邪神の俺が保証するが、メンタル値100なんて尋常じゃない。マジで超人。学園長や先代アーサーみたいな古強者でも90ちょいだと考えると、いかにヤバいか分かるだろう。しかも、有り様が人間の善として固定されているにも関わらず、人間として成長の変化はあるという完璧っぷり。入学式の日の帰りに、親父が彼等を指して最近の若者も捨てたもんじゃないと爺臭い発言をしていたくらいだ。

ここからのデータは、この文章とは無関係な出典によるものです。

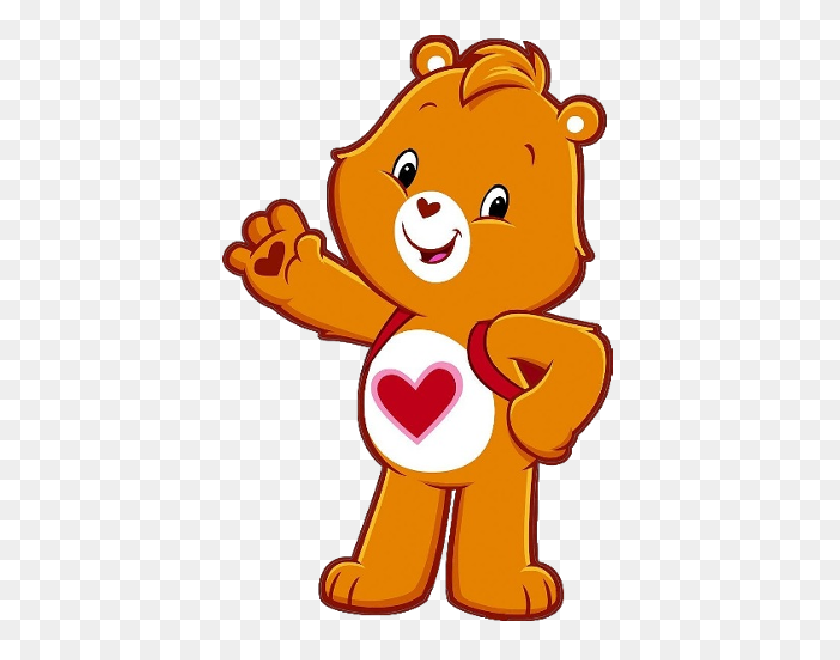 400x600 Care Bear Free Png Image Png Arts - Care Bear PNG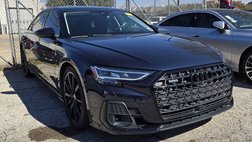 2022 Audi A8 quattro 55 TFSI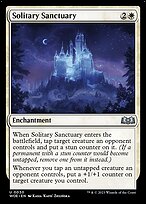 Santuário Solitário — Wilds of Eldraine 30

しかもしかも、精神支配系なら、蜘蛛君どころか人間形態の俺の呪いすら効かない可能性がある。人間を乗っ取る様なタイプの妖異は、四馬鹿に憑り付こうとしただけで即死するだろう。それを出来が悪いとは笑っちゃうね。ぷぷぷ。


「ありがとうね小百合ちゃん」


「こちらこそ」


そして訓練場で握手し合う佐伯お姉様と東郷さん。こ、これが青春!


「それじゃあ私達も戻りましょうか」


「あ、それなんですけどお姉様。僕ちょっと藤宮君とですね」


「あら、今度はどんなイタズラ?」


「イタズラだなんてそんな!」


ちょっと締め切っている空間にこっそり忍び込むだけです。




「超能力砲!」

「六根清浄大祓」

「不動明王剣!」


ここが連中の訓練場ね。


「意外と気付かれないものだな」


「でしょ?」


現在我が眼下には、訓練をしている先輩達がいた。もっと言うと、我がチームに情報が漏れないように、こっそり訓練している次の対戦相手がいた。

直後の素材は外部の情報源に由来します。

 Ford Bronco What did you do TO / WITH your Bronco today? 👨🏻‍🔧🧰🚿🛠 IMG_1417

「えーっと、不動明王系の霊力者に気を付けるだけで、後は平均的な先輩ってとこかな」


「ああ。しかし貴明が対戦相手の訓練場を把握してくれていて助かった。お陰で情報を収拾できる」


「いやあ。でへへ」


俺がカメラ片手に藤宮君といる場所は、室内訓練場の照明、その隙間だ。


俺は東郷さんとの模擬戦で使用した訓練場を申請した時、少しその場に残って後から対戦相手の名前で申請されている訓練場を確認していた。理由は単純。こっそり忍び込んで情報収集するためだ。

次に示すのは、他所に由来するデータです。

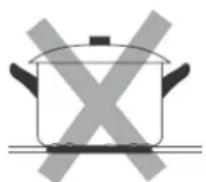 CANDY CDIC 30 - Choosing the right Cookware - 3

そして、下見で天井の照明に、二人くらいなら潜り込めそうな小さな隙間がある事を見つけた俺は、正面から相手を防ぐ都合上、我がチームで最も相手の動きを知る必要がある藤宮君を誘って、敵情視察しに来たという訳だ。


先輩方の同級生ならある程度彼らの戦い方は知っているだろうが、一年坊主に情報を教えてくれる先輩なんかいないに決まっているから自分で調べるしかないのだ。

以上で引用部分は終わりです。